Suppose $R$ is a commutative ring without identity, and let $a, b \in R$. Is it true that $b \in (a) \iff b=ar$ for some $r \in R$?
This seems to be implied (I can provide the details upon request) in Dummit & Foote.
The definition of $(a)$ provided in Dummit & Foote is the intersection of all ideals which contain $a$. In commutative rings with identity, it is proved that $(a) = R \{a \} R = \{r_1ar_2 + \cdots + \cdots r_nar_n| \text{ where each } r_i \in R \} = \{ar | r \in R \}.$ In this case, it's easy to prove that $b \in (a) \iff b=ar$ for some $r \in R$.
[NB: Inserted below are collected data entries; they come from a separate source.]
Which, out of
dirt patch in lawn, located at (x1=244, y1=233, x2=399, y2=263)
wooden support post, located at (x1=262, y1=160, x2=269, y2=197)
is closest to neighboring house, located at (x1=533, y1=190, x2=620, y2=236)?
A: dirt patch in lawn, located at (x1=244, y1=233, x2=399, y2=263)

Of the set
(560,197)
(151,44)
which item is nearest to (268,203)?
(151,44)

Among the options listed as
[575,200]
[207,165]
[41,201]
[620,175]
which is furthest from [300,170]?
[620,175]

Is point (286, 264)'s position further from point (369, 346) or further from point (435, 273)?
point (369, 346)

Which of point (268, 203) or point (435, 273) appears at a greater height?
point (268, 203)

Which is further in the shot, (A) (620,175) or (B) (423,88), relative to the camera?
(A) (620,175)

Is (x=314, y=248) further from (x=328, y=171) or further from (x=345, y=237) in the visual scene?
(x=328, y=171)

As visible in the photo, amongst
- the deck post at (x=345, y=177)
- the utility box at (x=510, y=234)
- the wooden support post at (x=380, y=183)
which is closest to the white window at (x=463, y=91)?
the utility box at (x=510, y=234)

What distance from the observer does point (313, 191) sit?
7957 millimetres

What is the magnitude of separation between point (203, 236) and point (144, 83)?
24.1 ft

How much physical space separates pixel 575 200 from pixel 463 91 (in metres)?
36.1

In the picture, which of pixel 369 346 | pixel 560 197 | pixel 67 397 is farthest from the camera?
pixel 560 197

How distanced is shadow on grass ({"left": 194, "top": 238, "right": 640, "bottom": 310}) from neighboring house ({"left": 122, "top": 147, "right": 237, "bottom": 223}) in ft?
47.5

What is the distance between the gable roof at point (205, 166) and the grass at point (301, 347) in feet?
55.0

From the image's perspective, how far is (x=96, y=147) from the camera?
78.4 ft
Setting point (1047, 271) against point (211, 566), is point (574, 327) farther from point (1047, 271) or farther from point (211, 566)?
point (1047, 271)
However, I think this is not true in rings without identity, and I think I have a counterexample:
Let $R = 2 \mathbb{Z}$, and $a=6$. The only ideals of $R$ which contain $6$ are $2\mathbb{Z} = R$ and $6\mathbb{Z}$, so the intersection of all ideals which contain $6$ is $6\mathbb{Z}$.
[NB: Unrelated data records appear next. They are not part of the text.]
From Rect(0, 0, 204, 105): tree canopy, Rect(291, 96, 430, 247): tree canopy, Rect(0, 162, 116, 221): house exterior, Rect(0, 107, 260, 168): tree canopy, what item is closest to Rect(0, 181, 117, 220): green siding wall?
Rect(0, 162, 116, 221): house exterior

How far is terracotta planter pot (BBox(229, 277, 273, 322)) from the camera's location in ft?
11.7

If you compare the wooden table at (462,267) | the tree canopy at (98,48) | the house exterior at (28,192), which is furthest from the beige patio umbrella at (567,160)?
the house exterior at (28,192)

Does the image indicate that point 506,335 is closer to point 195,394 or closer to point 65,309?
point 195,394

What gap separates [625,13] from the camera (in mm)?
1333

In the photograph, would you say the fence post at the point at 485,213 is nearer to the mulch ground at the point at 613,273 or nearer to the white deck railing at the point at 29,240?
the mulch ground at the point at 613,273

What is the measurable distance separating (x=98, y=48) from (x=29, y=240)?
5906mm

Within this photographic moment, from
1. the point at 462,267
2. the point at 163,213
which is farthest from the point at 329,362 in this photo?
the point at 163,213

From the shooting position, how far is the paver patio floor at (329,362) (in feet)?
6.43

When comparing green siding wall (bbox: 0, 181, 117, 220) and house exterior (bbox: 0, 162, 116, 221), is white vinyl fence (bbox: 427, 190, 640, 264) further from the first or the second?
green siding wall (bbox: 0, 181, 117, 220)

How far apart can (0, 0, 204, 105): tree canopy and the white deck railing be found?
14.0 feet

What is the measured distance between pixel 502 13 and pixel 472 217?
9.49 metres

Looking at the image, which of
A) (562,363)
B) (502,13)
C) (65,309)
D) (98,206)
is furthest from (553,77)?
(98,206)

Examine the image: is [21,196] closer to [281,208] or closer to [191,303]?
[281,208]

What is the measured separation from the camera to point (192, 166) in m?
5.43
Now $18 \in (6) = 6\mathbb{Z}$, but $18 \not = 6r$ for some $r \in 2\mathbb{Z}$.
EDIT: This is where I found the statement in D & F. I have the third edition, paperback. On page $274$, we have the definition of divisibility:
Definition: Let $R$ be a commutative ring and let $a,b \in R$ with $b \not = 0$.
$\vdots$
Note that $b|a$ in a ring $R$ if and only if $a \in (b)$ ...
(Sorry I reversed the roles of $a, b$ in my question)
Edit: Hat tip to Carl Mummert, who pointed out that my original answer used the wrong definition of the ideal generated by $a \in R$.
According to Dummit and Foote, the ideal generated by an element $a$ of a ring $R$, denoted $(a)$ is the smallest ideal containing $a$. When $R$ is a commutative ring with identity, then $(a) = Ra$, where $Ra = \{r a : r \in R \}$ is also an ideal.
The example you provide shows that $(a) \neq Ra$ in general when $R$ is a commutative ring without identity. Indeed, $(6)$ consists of all multiples of $6$, while $R6$ consists of all multiples of $12$ in your example.
You are correct that Dummit and Foote's statement is wrong in general. The correct version is $b \mid a \Leftrightarrow a \in Rb$, for any commutative ring $R$. When $R$ contains an identity, this is equivalent to $b \mid a \Leftrightarrow a \in (b)$, but their statement is strictly speaking false without the assumption that $R$ contains an identity, and your counterexample shows that. In your example, $18 \in (6)$ but $6 \nmid 18$ in $R = 2\mathbb{Z}$.